Recognizing our top performers of 2010.

Here at BAO, our people are our pride. The team we have assembled is something that you won't find anywhere else – we have a unique blend of intelligence, wit, industry know-how and eclectic personalities.

This month, we announced the winners of our 2010 Inside Sales Representative (ISR) of the Year and Market Research Specialist (MRS) of the Year honors. And we'd like you to meet them.

BAO 2010 ISR of the Year

What are your strategies for successfully managing relationships with your Clients' field reps?

Every single Client rep we work with is super busy – they're on and off planes, juggling phone calls and appointments all the time. So I've got to be respectful of their time because I know it's precious. My ultimate goal, of course, is to help my reps hit their number. But sometimes, I'll get some great information about a prospect, even if the contact isn't necessarily right for a meeting. I'll pass that on because I know the insight is important, but I'm not going to send them out on a meeting that is unnecessary. Setting expectations and painting an accurate picture of opportunities is critical – and it helps my Client stay efficient. My Clients know that if I've set an appointment for them, it's going to be high caliber.

What's the most interesting meeting you've ever secured?

When I first start working with a Client, I really get to know them. I want to know about their job and company, of course, but I also want to know who they are as a person. And this has served me well.

At one point, while doing calls for a Client based on the west coast, I connected with the CIO of a well-known specialty retailer – a really big deal! In the course of conversation with the prospect, I mentioned the rep’s name and the prospect perked up instantly – asking me if the rep golfed at such-and-such golf course and lived in such-and-such city. Well, because I’d gotten to know my rep so well, I was able to confirm that. It turns out that the prospect was the rep’s neighbor. They lived two houses apart but had never met! I got the meeting, but in a really non-traditional way. The prospect said, “Forget the meeting. Tell him to walk down the street. We’ll have a glass of wine and talk!”

So, my favorite meetings are generally direct results of getting along so well with my Clients.

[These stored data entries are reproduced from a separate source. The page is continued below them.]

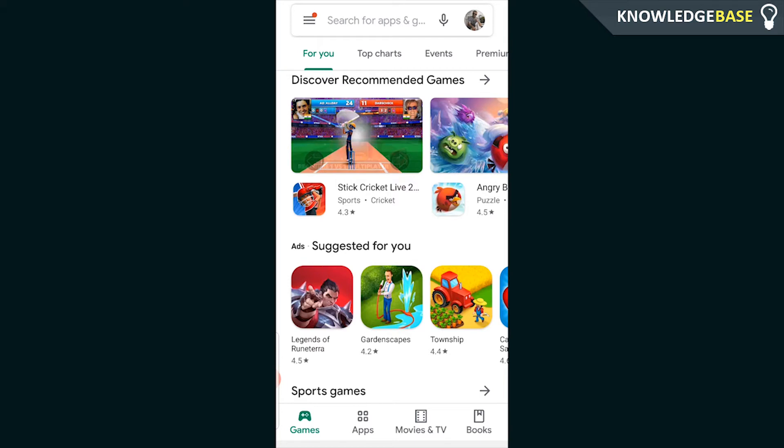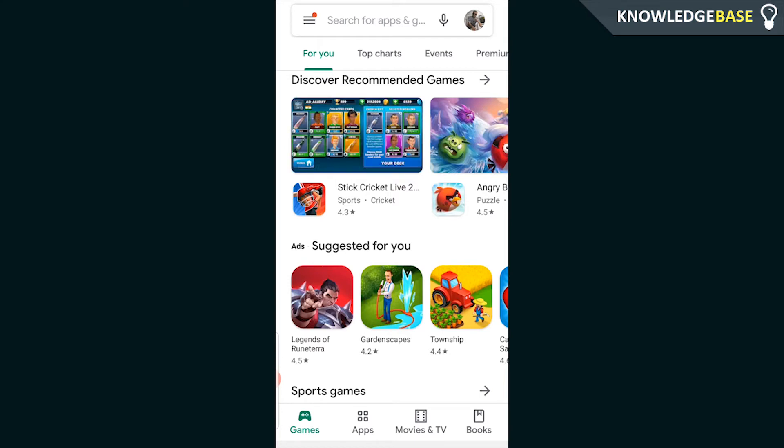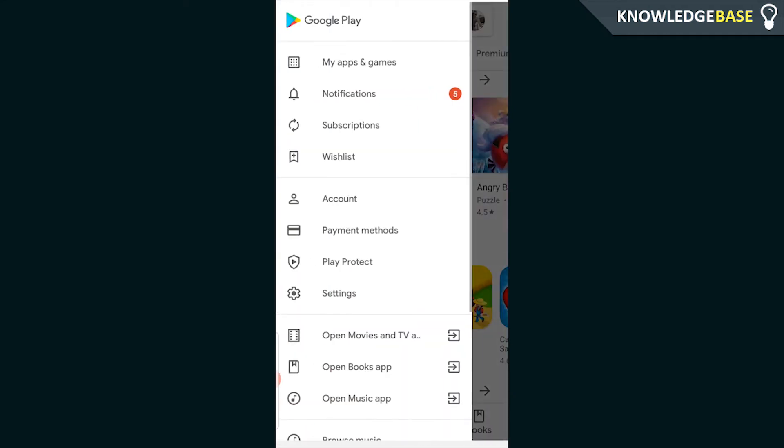So what you need to do is open up Google Play, make sure you're logged into the account that you want to add the debit card to, then click on the three lines in the top left hand corner and then go to payment methods.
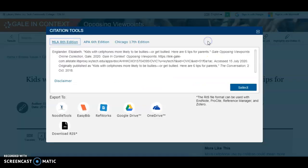The Cite button on the toolbar will help you create a citation in MLA or APA format with a stable URL link back to the article.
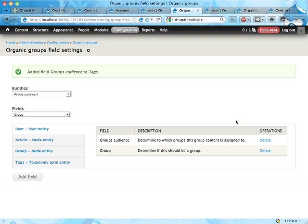And see you in the next screencast. In the upcoming screencast, I'm going to show you how to use organic groups and views together in order to create lists of content or taxonomy terms or whatever within a particular organic group. See you there. Bye.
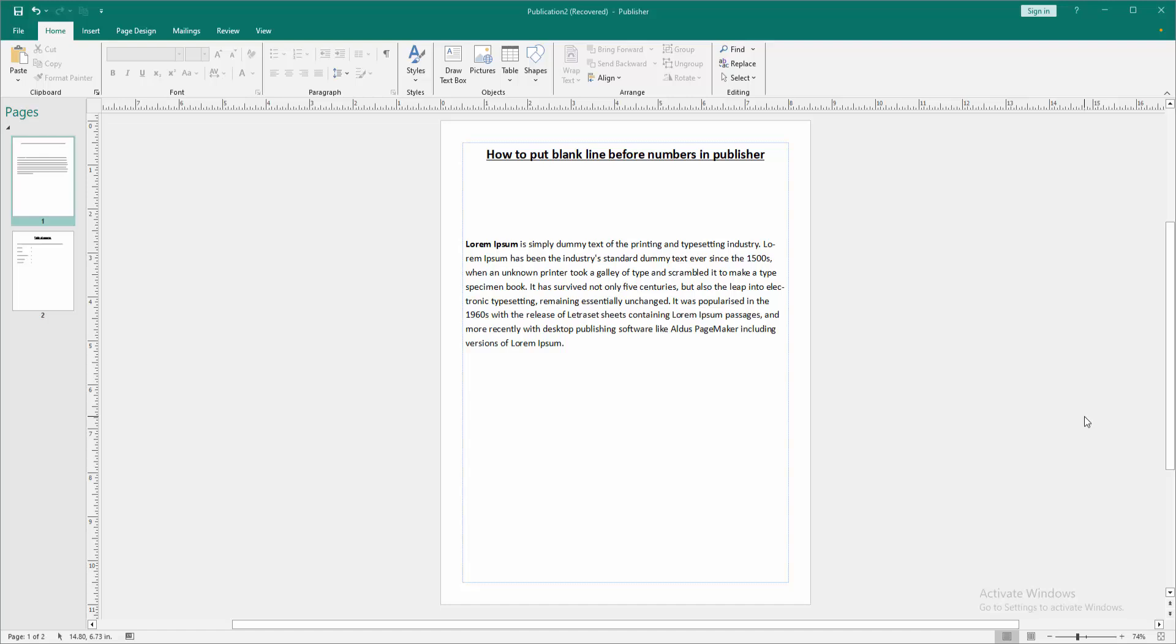Assalamu alaikum, hello friends, how are you? Welcome back to another video. In this video I'm going to show you how to put a blank line before numbers in Microsoft Publisher. Let's get started. Firstly, we have to open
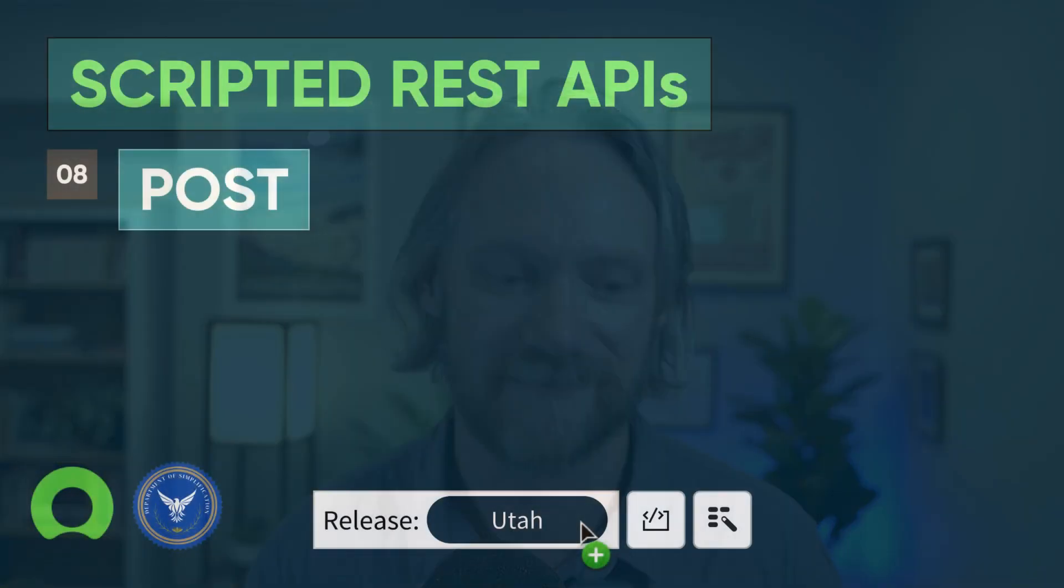In this case we've created a new record. In the next video we're going to discuss modifying existing records in ServiceNow, so we'll be looking at PUT and PATCH methods and we'll take a little bit of time to discuss the differences between the two. See you then.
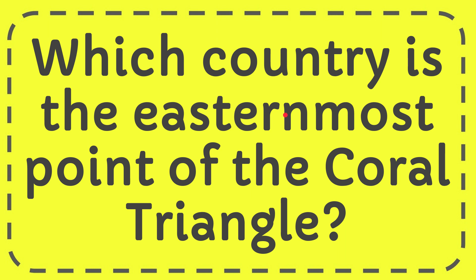In this video, I'm going to give you the answer for this question. The question is, which country is the easternmost point of the Coral Triangle?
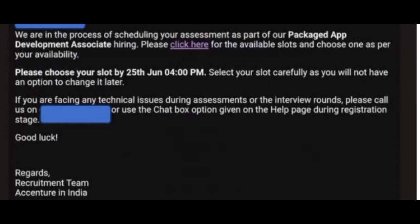Keep in mind that 25th June is the last date to select your slot. Select your slot carefully. Thank you guys for watching this video. Please subscribe to my channel and check my playlist for onboarding updates. Jai Jawan, Jai Kisan.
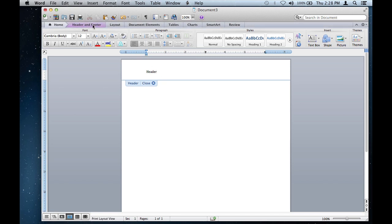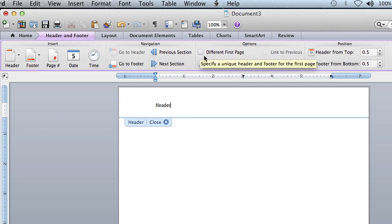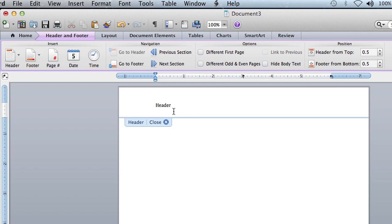If for any reason you don't want it on every single page, just click on the Header and Footer options right here and you can set the header to be only on the first page, or you can set it to be on odd and even pages. So you have all your different options right over here.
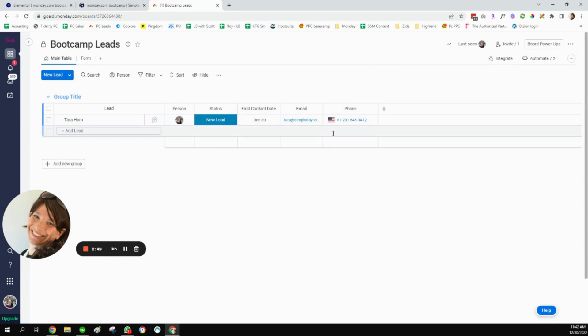And basically after this, I can set up a whole bunch of automations to follow up with them to automatically send emails. But that is a really simple way to embed your monday.com forms in Elementor. Hope this is helpful. Have a great day.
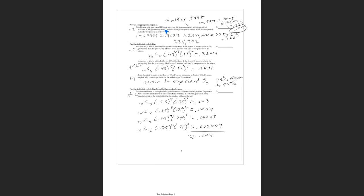Insurance companies typically lose money on teenage drivers because the probability of an accident is higher and the cost per accident is higher. They mitigate that by also insuring the parents. The key idea of insurance is spreading risk over a pool — the more people in the pool, the more risk you can assume and the more it normalizes. This is very similar to the central limit theorem: the larger the group, the more normal the behavior.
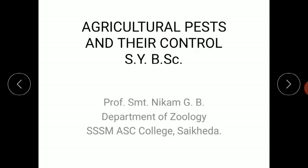Now you can understand the concept of pest. There are various definitions of pest. According to Advert and Heath in 1964, they defined the economic pest. They said that if any pest causes at least 5% or more loss to the crop, we call that pest as the economic pest.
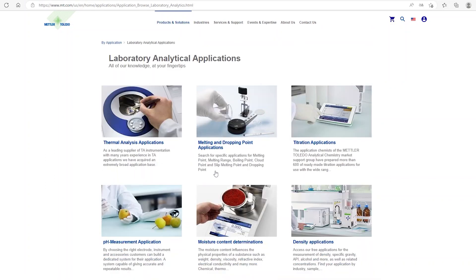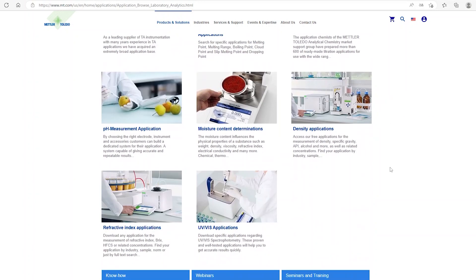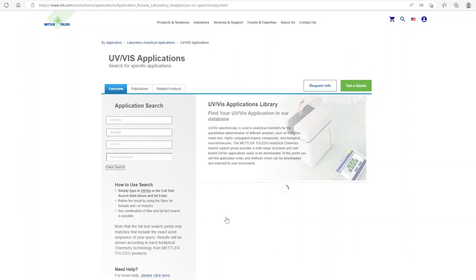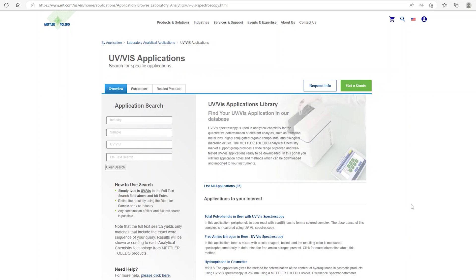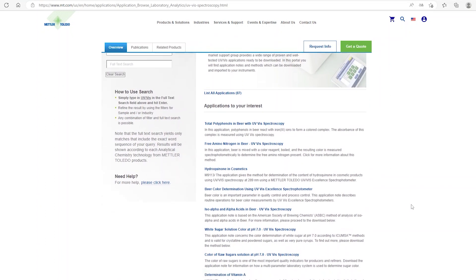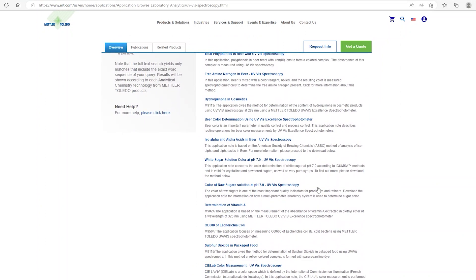Here you will find an overview of the various application libraries for all our analytical instruments. As we are looking for a new UEVS application, you can scroll down and select UEVS applications. In the UEVS application library, you can find all available application packages for Mettler Toledo UEVS spectrophotometers.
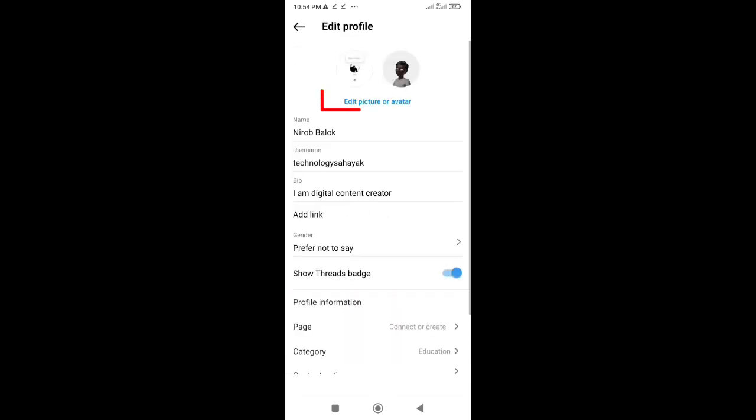Step 3. On the Edit Profile page, tap on the Edit Picture or Avatar.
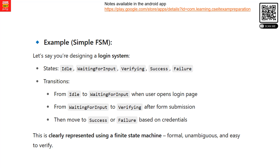A simple Finite State Machine example is a login system design. The basic FSM states are: Idle, Waiting for Input, Verifying, Success, and Failure. Transitions are: from Idle, the user opens the login page to reach Waiting for Input; input triggers Verifying; Verifying leads to Success or Failure. This is the simplest Finite State Machine example.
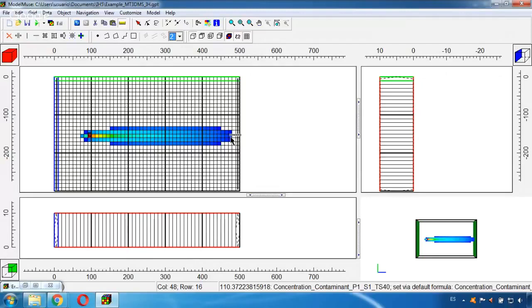In this course you will learn how to build groundwater models and also apply tools like this one, MT3DMS. It will be a really interesting course so if you like these videos you will find it extremely helpful.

Care to share some of the secrets to your success?

It's pretty simple and not really a secret, but the key is just being respectful of people's time, and being aware that, in most cases, I'm interrupting their day. I find that people warm up much more quickly if I approach them with that perspective. I'm polite. I ask them if they have a minute to talk. And if they don't, I ask when I can call back. I don't want to intrude, but I do need to talk to them. So I follow up when they ask me to, and they're appreciative of that, which makes them more receptive to my message.

What are some of the common objections you hear? How do you overcome them?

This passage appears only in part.